Once again, the author needs examples everywhere.
From the authors
“…the main constituents they contain are in fact shared among the whole scholarly communication domain...... My hypothesis is that such ways are shared somehow between the various research areas.
….:”
The whole paragraph is really complicated. As just opinions it is fine. For a position statement paper I would expect to see this very well supported. As a paper in which the author is presenting a framework, this needs a lot of work.
From the authors
body > section > paragraph
);Ok. Lets start by saying that strictly speaking these are not hypothesis. Consider writing these a problem statements, research questions or outright hypothesis.
The body>section>paragraph I don’t understand. Everything else in these points is really arguable and needs better backup in the form of references that really support these as assertions. For instance, “there is not need of having a prior…..” perhaps an example could come in handy. The author should focus on a particular domain, select a well-defined corpus of documents and elaborate from there on.
From the author
“…Intuitively, following the sketch illustrated in Figure 1, starting from a low-level definition of the structure of an article, e.g. the organisation of the XML elements that have been used to describe its content (layer 1), it is possible to create rules that describe each XML element according to more general compositional patterns depicting its structures that oblige a specific implicit and unmentioned organisation of the article content (layer 2) – e.g. the fact that there an element can behaves like a block or an inline item. Again, starting from the definitions in the first two layers, it would be possible to characterise the semantics of each XML element according to fixed categories defining its structural behaviour, e.g. paragraph, section, table, figure, etc. (layer 3). Along the same lines, starting from the aforementioned layers, it would be possible to derive the rhetorical organisation of a scholarly paper, e.g. identifying the argumentative role of each section introduced in such paper such as introduction, methods, material, experiment, data, results, conclusions, etc. (layer 4). And so on and so forth.”
This is, IMHO, the most interesting paragraph of the paper. However, the lack of an example just diminishes its importance. Also, the way it is written makes it seem like a lot of opinions. Once again, if this is a position statement paper I would consider this to be part of the overall position. But, even as a position statement the author needs to give the reader more than just his word for unsubstantiated claims.
From the Authors
This is fine, but… ontologies are just models and data talks lauder than words.
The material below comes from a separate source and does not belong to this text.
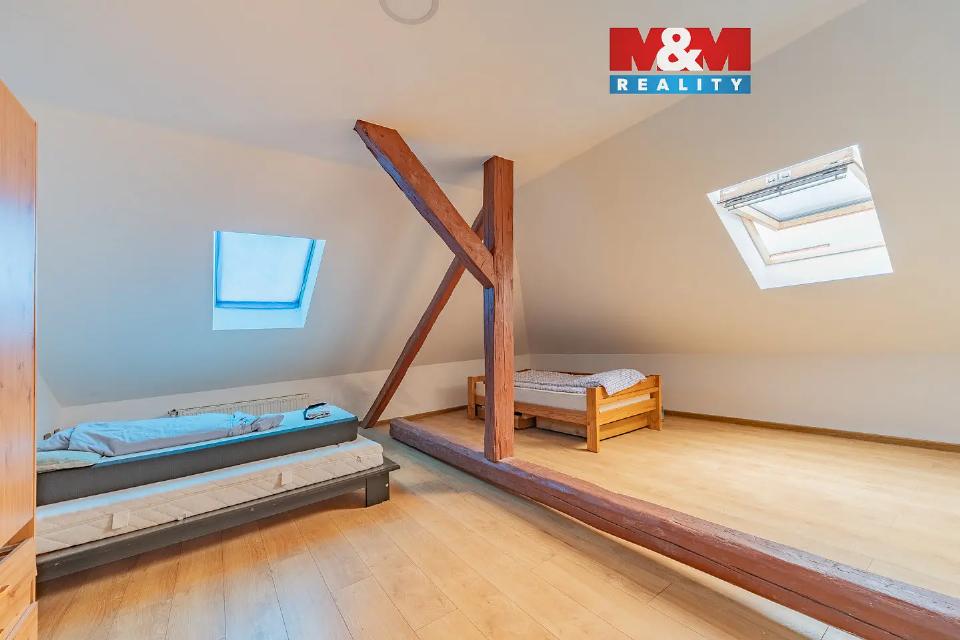 Pronájem bytu 200 m²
So, in order to convince me I need to see data, not just models; along with data I would like to see tested data. If just ontologies then at the very least I would like to see instantiated ontologies so that data tells me how you are right. Once again… I need a running example in this paper, I would like to author to focus on a clear message, I would like this paper to be much better articulated. The large number of self-citations are not helping the author in making a clear case –his own previously published papers may arise further evaluation under the light of his claims in this paper. Also, there are lots of papers that should be cited here and that are missing. His section “from structural patterns to structural semantics” indicates me that it is quite simply easier to map JATS/XML elements to ontologies (bearing in mind minimal ontological commitment) rather than embracing many of the things the author seems to embrace. The text that usually follows the e.g. is not enough explanatory; again a running example could help the author to make his case.
From the author
…” additional studies and tests are needed for having more robust outcomes…”
Yes, like for example?
The tittle reads funny, the author should consider making it closer to the content of the paper. Also, the analogy ised in this paper needs some work. I don’t see how it is relevant.